Segment Start: Stored data

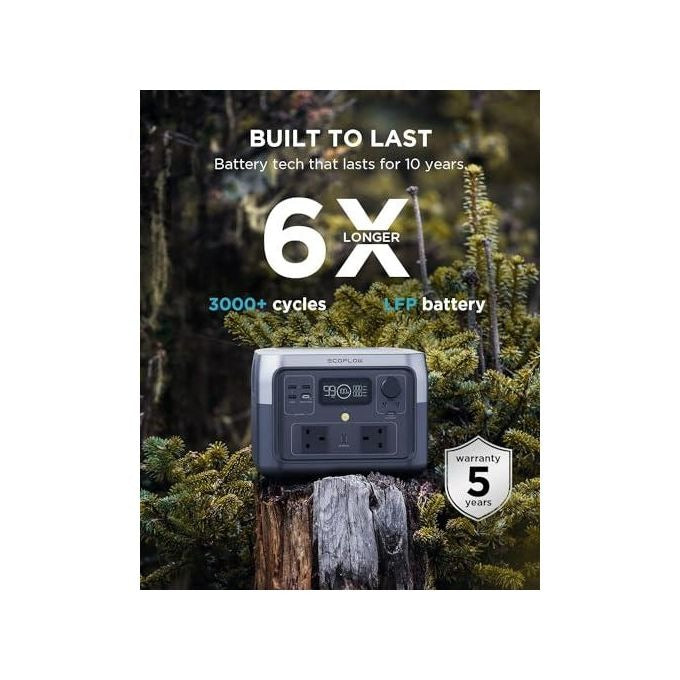 EcoFlow RIVER 2 Max Portable Power Station 512Wh LiFePO4 Battery, 1-Hour Fast Charging, 1000W Output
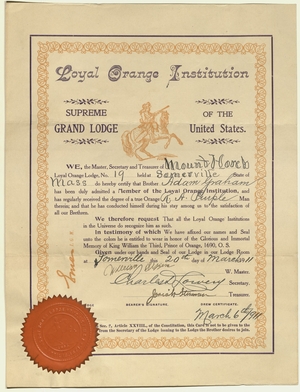 Membership certificate issued by Mount Horeb Loyal Orange Lodge, No. 19, to Adam Graham, 1911 March 20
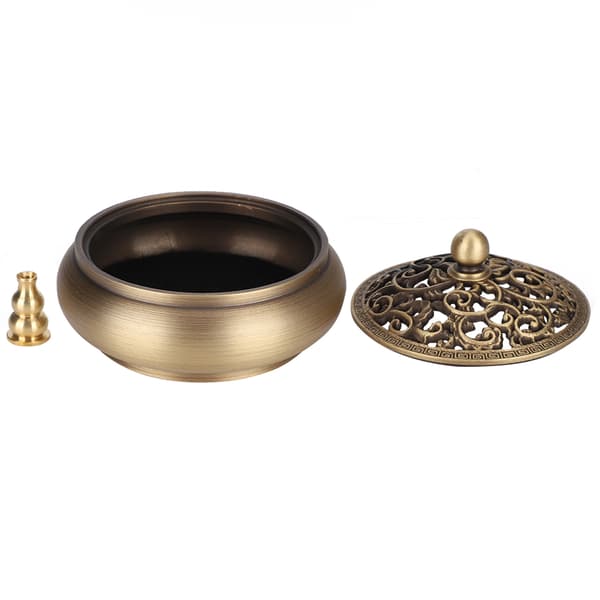 Brass Household Incense Burner, Craft Decoration (Round Top)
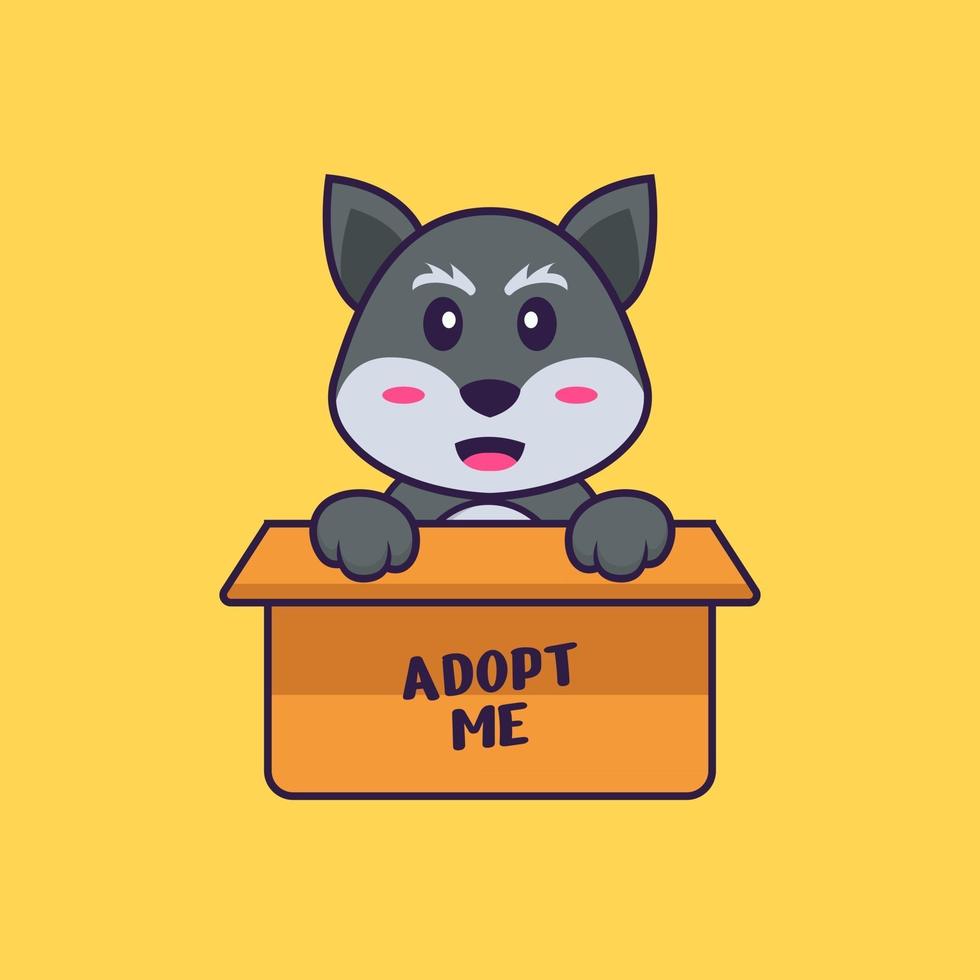 lindo zorro en caja con un cartel adopteme. aislado concepto de dibujos animados de animales. Puede utilizarse para camiseta, tarjeta de felicitación, tarjeta de invitación o mascota. estilo de dibujos animados plana vector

Segment End: Stored data

**What the task asks:** All the material above must be copied exactly, and no picture belongs in the copy.

**Task result:**
 EcoFlow RIVER 2 Max Portable Power Station 512Wh LiFePO4 Battery, 1-Hour Fast Charging, 1000W Output
 Membership certificate issued by Mount Horeb Loyal Orange Lodge, No. 19, to Adam Graham, 1911 March 20
 Brass Household Incense Burner, Craft Decoration (Round Top)
 lindo zorro en caja con un cartel adopteme. aislado concepto de dibujos animados de animales. Puede utilizarse para camiseta, tarjeta de felicitación, tarjeta de invitación o mascota. estilo de dibujos animados plana vector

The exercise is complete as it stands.